Virtualization enables consolidation. Consolidation refers to the ability to run multiple VMs on a single physical platform. Consolidation leads to fewer machines, with less space, with fewer admins, with potentially smaller electric bills that are still able to run the same degree/type of workload.
Consolidation allows us to decrease cost and improve manageability.
Virtualization also makes migration easier. Since the operating system and the applications are no longer coupled to the physical system, virtualization makes it easy to setup, teardown, and clone virtual machines.
Virtualization helps us address availability and reliability. If we notice that a physical machine is about to go down, we can easily spin up new VMs on a different physical platform.
Because the OS and the applications are nicely encapsulated in a VM, it becomes easier to contain bugs or malicious code to those isolated containers without bringing down other VMs or the entire physical platform.
Virtualization has also provided fertile ground for operating systems research. Research can quickly boot up and test OSes in development without having to restart hardware.
Virtualization also provides affordable support for legacy operating systems. Applications that need to run on older OSes no longer need a physical box dedicated just to them. They can run as one VM of many, sharing the physical resource with other applications.
In bare-metal virtualization (also known as hypervisor-based or type 1 virtualization, the VMM manages all the hardware resources and support execution of VMs.
One issue with this model concerns devices. According to the model, the hypervisor must manage all possible devices. In other words, device manufacturers now have to provide device drivers not just for different operating systems, but also for different hypervisors.
To eliminate this problem, the hypervisor model typical integrates a special virtual machine, a service VM, that runs a standardized OS with full hardware access privileges, allowing it to manipulate hardware as if it were native.
The privileged VM runs all of the device drivers and controls how the devices on the platform are used. This VM will run some other configuration and management tasks to further assist the hypervisor.
This model is adapted by the Xen virtualization software and by the ESX hypervisor from VMware.
Regarding Xen, the VMs that run in the virtualized environment are referred to as domains. The privileged domain is referred to as dom0 and the guest domains are referred to as domUs. Xen is the hypervisor. All of the device drivers are running in dom0.

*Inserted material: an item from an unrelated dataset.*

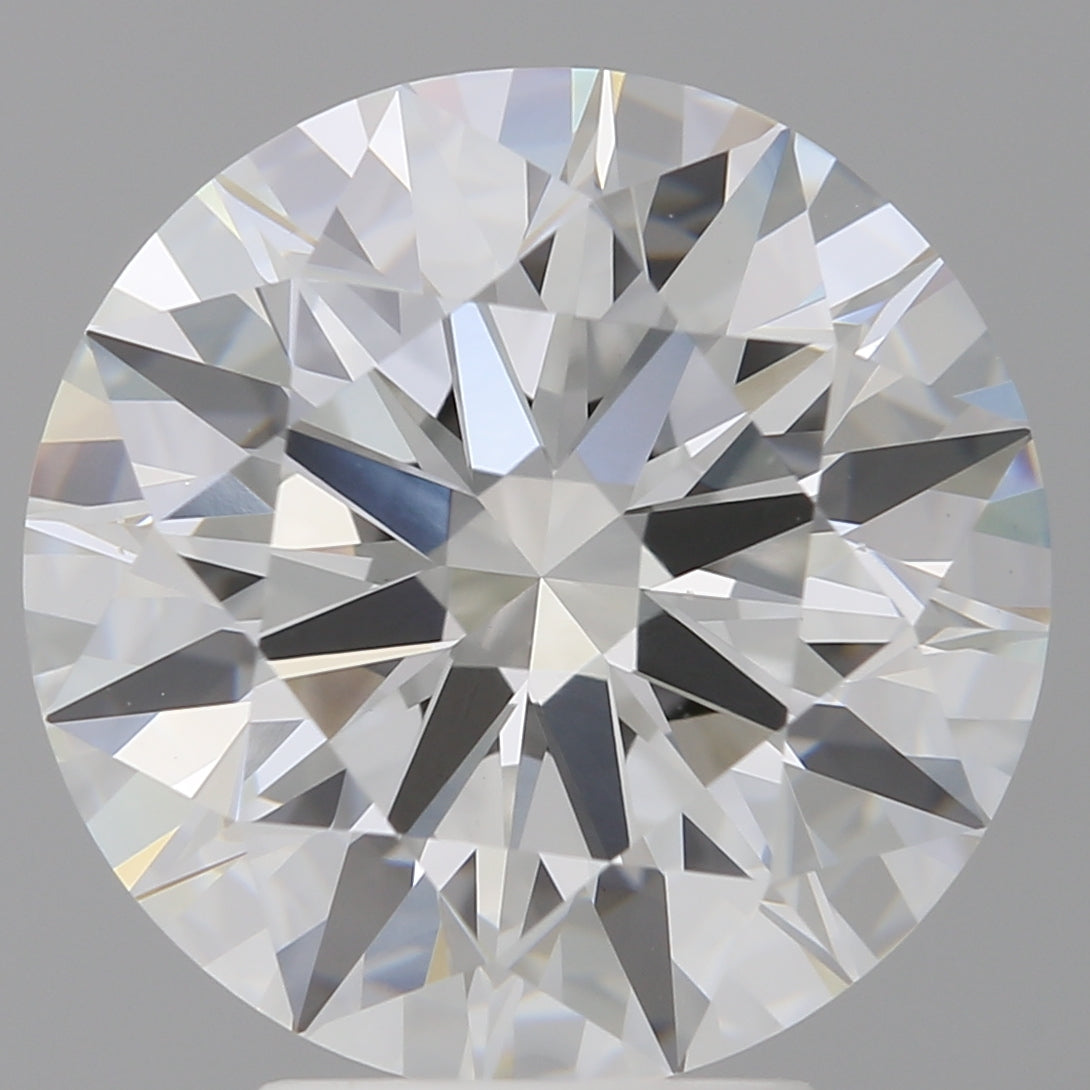 4.94 Carat Round Shaped, Ideal Cut, F Color, VS1 Clarity, IGI Certified Lab Grown Diamond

VMware maintains the largest share of server cores. VMware has been able to mandate that device manufactures develop drivers that can be used by the hypervisor. Since VMware targets servers, there are relatively few devices. To support the open source community, VMware has many open source APIs.
VMware used to have a control core based in Linux (similar to the dom0 in Xen), but now all of the configuration is done via remote APIs.
The other type of virtualization model is the hosted (or type 2) model.
In this model, there is a full-fledged host OS that manages all of the hardware resources. The host OS integrates a VMM, which is responsible for providing the VMs with their virtual platform interface.
As necessary, the VMM module will invoke devices drivers and other host components as needed.
One benefit of this model is that it can leverage all of the services and mechanisms that are already developed for the host operating system. Much less functionality needs to be developed for the VMM module itself.
In this setup, you can run guest VMs through the VMM module as well as native applications directly on the host OS.
One example of the hosted model is kernel-based VM (KVM) which is built into Linux. The Linux host provides all aspects of the physical hardware management and can run regular Linux applications directly.
The support for running guest VMs comes from a combination of the KVM (VMM) module and a hardware emulator called QEMU.
QEMU is used in as a virtual interface between the VM and the physical hardware, and only intervenes during certain type of critical instructions; for example, I/O management.
KVM has been able to leverage all of the advances that have been contributed to the Linux open source community. Because of this KVM can quickly adapt to new features and fixes.
Commodity hardware has more than two protection levels. For example, x86 architecture has four protection levels, called rings.
Ring 0 has the highest privilege and can access all resources and execute all hardware-supported instructions. In a native model, the operating system resides at ring 0.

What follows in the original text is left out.